A new Web site launched by the U.S. Green Building Council (USGBC) on Wednesday gives students, parents, teachers, school administrators, elected officials and community members a new resource in the effort to ensure a future of green schools for every child within a generation.

“The new site, Build Green Schools (www.buildgreenschools.org), will be a vital tool for the grassroots green schools movement, helping the site’s visitors to promote healthy, nurturing, environmentally friendly schools in their own communities,” noted Rick Fedrizz, President and CEO, U.S. Green Building Council.

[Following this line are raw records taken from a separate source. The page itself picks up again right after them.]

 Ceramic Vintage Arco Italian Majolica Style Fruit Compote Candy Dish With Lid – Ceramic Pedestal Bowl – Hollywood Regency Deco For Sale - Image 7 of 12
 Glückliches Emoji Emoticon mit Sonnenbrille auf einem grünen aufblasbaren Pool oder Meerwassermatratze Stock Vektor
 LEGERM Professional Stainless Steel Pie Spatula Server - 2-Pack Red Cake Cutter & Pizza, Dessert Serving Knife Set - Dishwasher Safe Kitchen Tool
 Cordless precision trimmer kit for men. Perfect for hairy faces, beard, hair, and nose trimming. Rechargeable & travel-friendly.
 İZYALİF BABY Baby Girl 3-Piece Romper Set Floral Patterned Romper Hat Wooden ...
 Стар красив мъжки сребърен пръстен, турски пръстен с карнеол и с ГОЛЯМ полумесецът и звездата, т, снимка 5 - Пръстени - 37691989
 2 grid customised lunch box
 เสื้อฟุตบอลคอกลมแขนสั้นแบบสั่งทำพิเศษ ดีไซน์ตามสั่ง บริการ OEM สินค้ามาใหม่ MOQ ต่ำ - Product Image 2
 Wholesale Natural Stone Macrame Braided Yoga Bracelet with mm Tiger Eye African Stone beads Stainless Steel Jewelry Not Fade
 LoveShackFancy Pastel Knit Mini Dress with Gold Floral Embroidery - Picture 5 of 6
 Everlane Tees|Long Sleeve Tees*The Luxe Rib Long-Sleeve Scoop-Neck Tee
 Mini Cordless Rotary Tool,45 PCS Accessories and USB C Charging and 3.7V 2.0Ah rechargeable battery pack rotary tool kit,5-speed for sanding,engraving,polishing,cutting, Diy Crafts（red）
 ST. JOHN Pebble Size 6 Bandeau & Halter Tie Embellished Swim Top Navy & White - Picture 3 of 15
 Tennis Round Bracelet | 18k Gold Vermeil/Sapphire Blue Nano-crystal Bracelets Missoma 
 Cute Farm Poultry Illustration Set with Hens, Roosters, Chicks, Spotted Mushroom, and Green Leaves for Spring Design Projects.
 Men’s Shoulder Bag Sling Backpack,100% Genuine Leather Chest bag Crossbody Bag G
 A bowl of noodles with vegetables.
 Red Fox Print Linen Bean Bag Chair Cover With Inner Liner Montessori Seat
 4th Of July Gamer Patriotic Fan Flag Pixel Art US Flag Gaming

Build Green Schools is filled with facts on the benefits and costs of green schools, including the ways green schools foster learning, decrease student and teacher absenteeism from respiratory and other illnesses, reduce energy and water bills, and provide models for teaching the world’s future leaders about sustainability to benefit communities for generations to come. It is complete with profiles of schools that have already gone green, examples of policies governments and school districts have instituted to ensure future schools are green, an extensive list of resources and links, and even a social networking site for visitors to share their experiences, best practices, and creative ideas.

A 2006 study sponsored by the American Federation of Teachers, the American Institute of Architects, the American Lung Association, the Federation of American Scientists and USGBC found that building green would save an average school $100,000 each year in energy costs along – enough to hire two new additional full-time teacher, purchase 5,000 new textbooks, or buy 500 new computers.

Green schools have a superior indoor environment, with clean, fresh air, free of dangerous chemicals from everyday products like carpets, paints and cleaning materials. They make use of as much natural daylight as possible, maximizing students’ ability to concentrate and stay physically and emotionally healthy while at the same time dramatically reducing energy costs and greenhouse gas emissions. On average, green schools use 33% less energy and 32% less water than conventional schools, which would bring the U.S. closer to reducing reliance on imported energy.

Green schools’ better lighting, temperature control, ventilation and indoor air quality contribute to reduced asthma, colds, flu and absenteeism, helping improve learning, test scores and lifetime student earnings. Greening all school construction would also create more than 2,000 new jobs each year from increased use of energy-efficient technologies. And green schools boost morale and improve teacher retention.

The USGBC’s LEED® (Leadership in Energy and Environmental Design) for Schools green rating system provides green-building guidelines and offers third-party verification to ensure schools’ stakeholders that their buildings incorporate the best in science, design and technology to make their schools truly green.